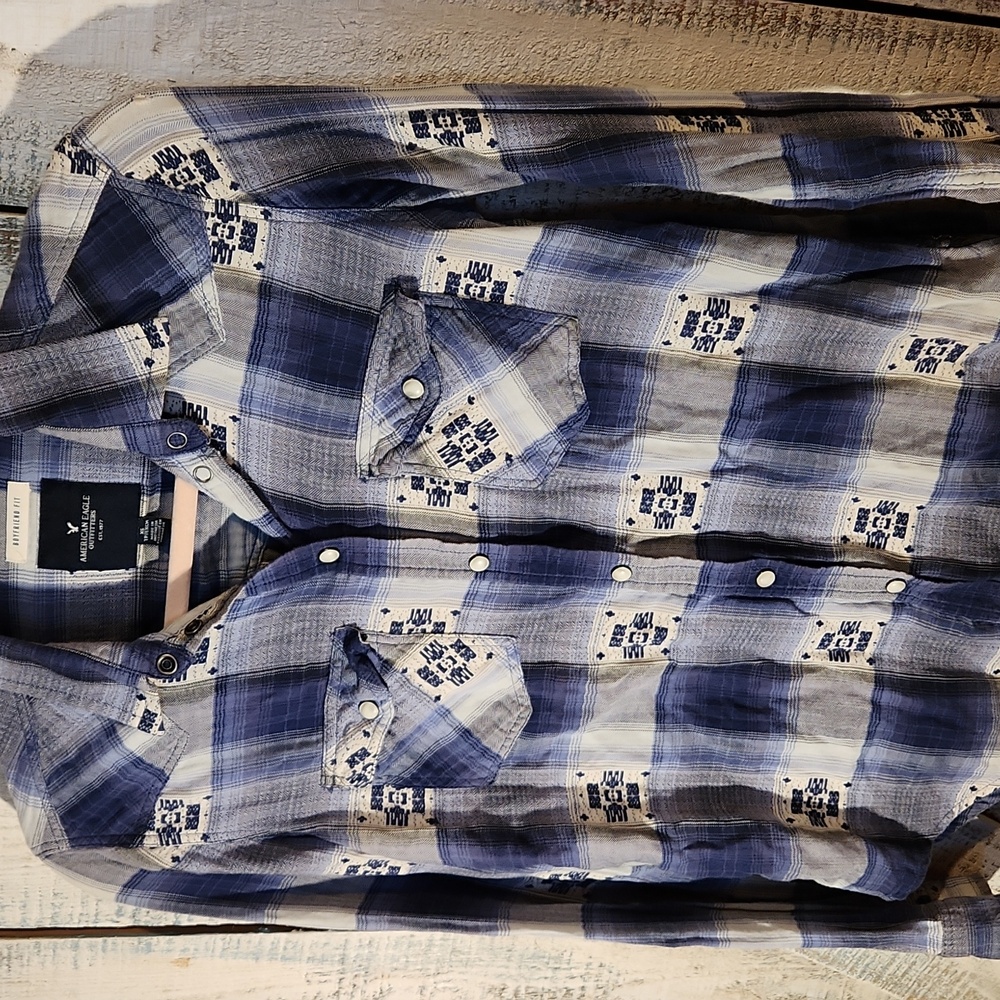 Ladies American Eagle Outfitters Blue Plaid Button-Down Shirt XS
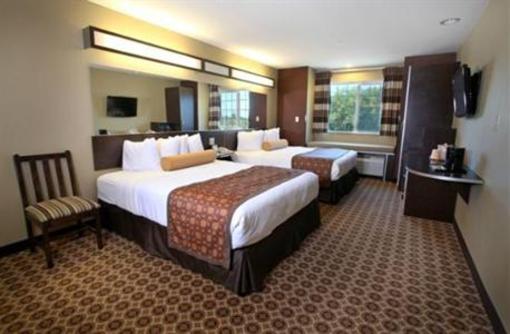 фото отеля GuestHouse Inn & Suites Seaside
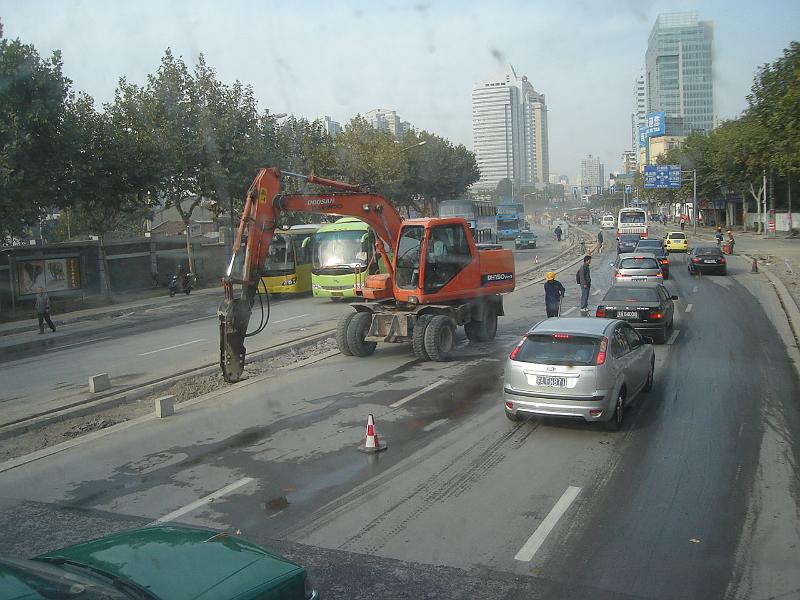 DSC02028.JPG - Road repair in Nanjing. 24 October 2009
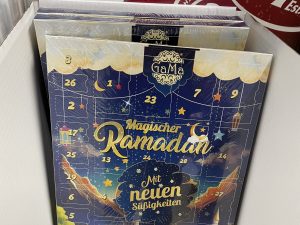 Rotes Blut und rote Ramadanbeleuchtung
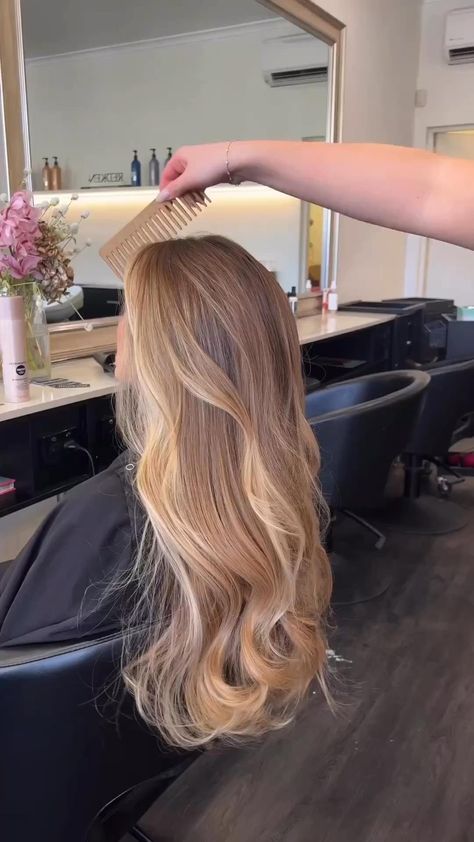 💞 💓 💗 💖 Pretty Hair Highlights, Balayage Hair Caramel Blonde, Lived In Vanilla Blonde, Reverse Balayage Bronde, Sorry Blonde Hair, Blonde Hair To Brunette, Halo Highlights Hair Blonde, Brown Hair With Dirty Blonde Highlights, Dirty Blonde Light Brown Hair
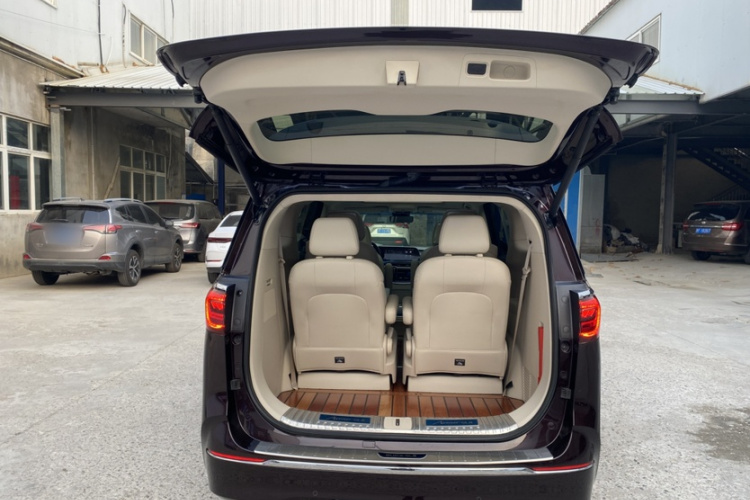 别克GL8 2020款 Avenir艾维亚 六座贤礼版局部细节23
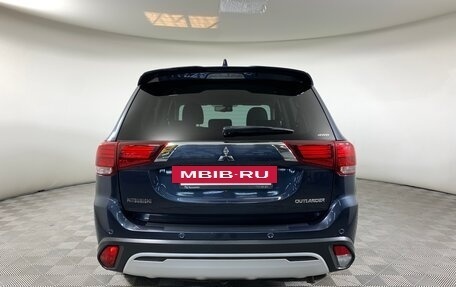 Mitsubishi Outlander III рестайлинг 3, 2020 год, 2 494 000 рублей, 6 фотография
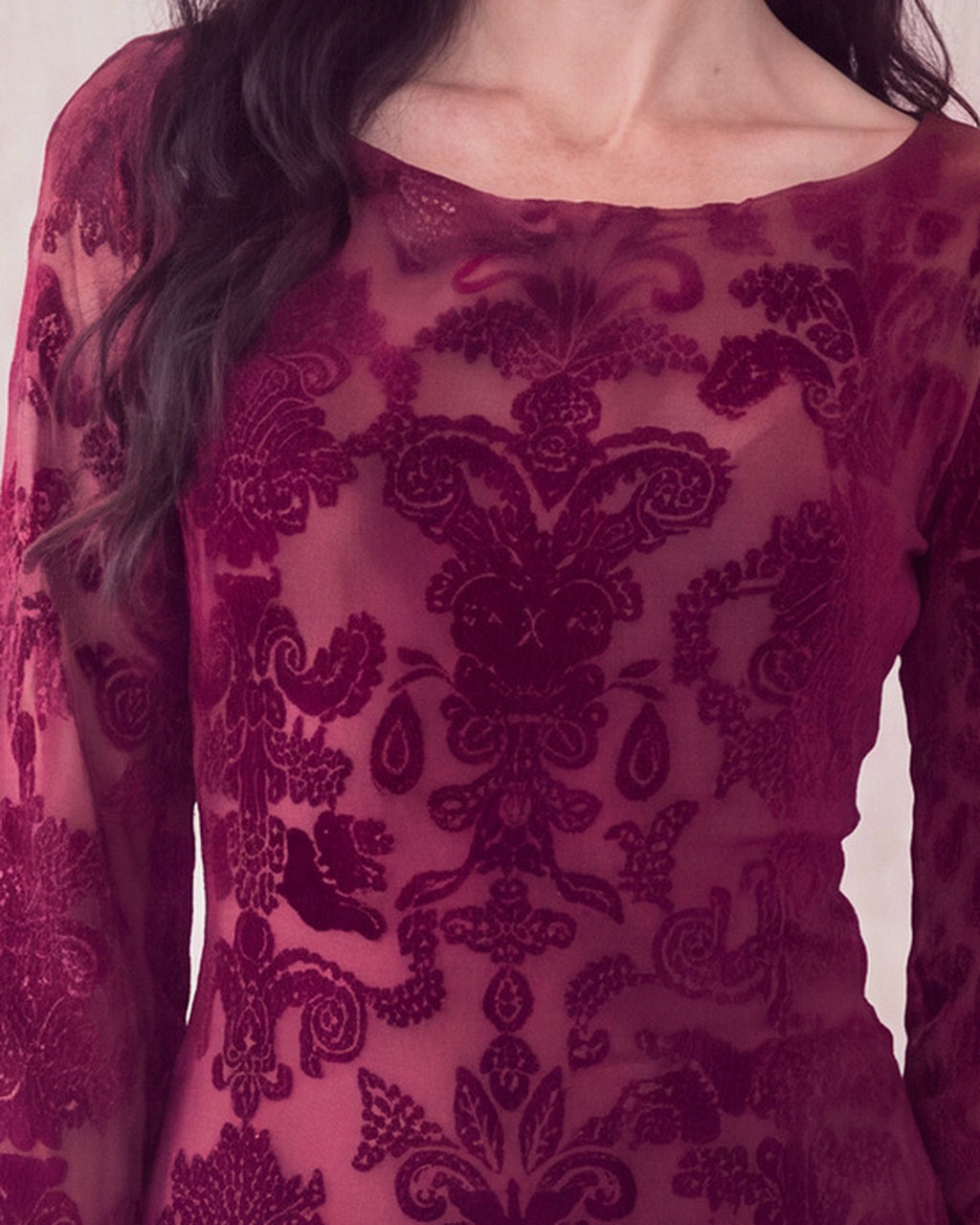 Reiko Dress in Red, sleeve detail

################

Task to carry out: Everything from the line containing "别克GL8 2020款 Avenir艾维亚 六座贤礼版局部细节23" through the last line of the records above is to be reproduced exactly, except the pictures.

Task response:
 别克GL8 2020款 Avenir艾维亚 六座贤礼版局部细节23
 Mitsubishi Outlander III рестайлинг 3, 2020 год, 2 494 000 рублей, 6 фотография
 Reiko Dress in Red, sleeve detail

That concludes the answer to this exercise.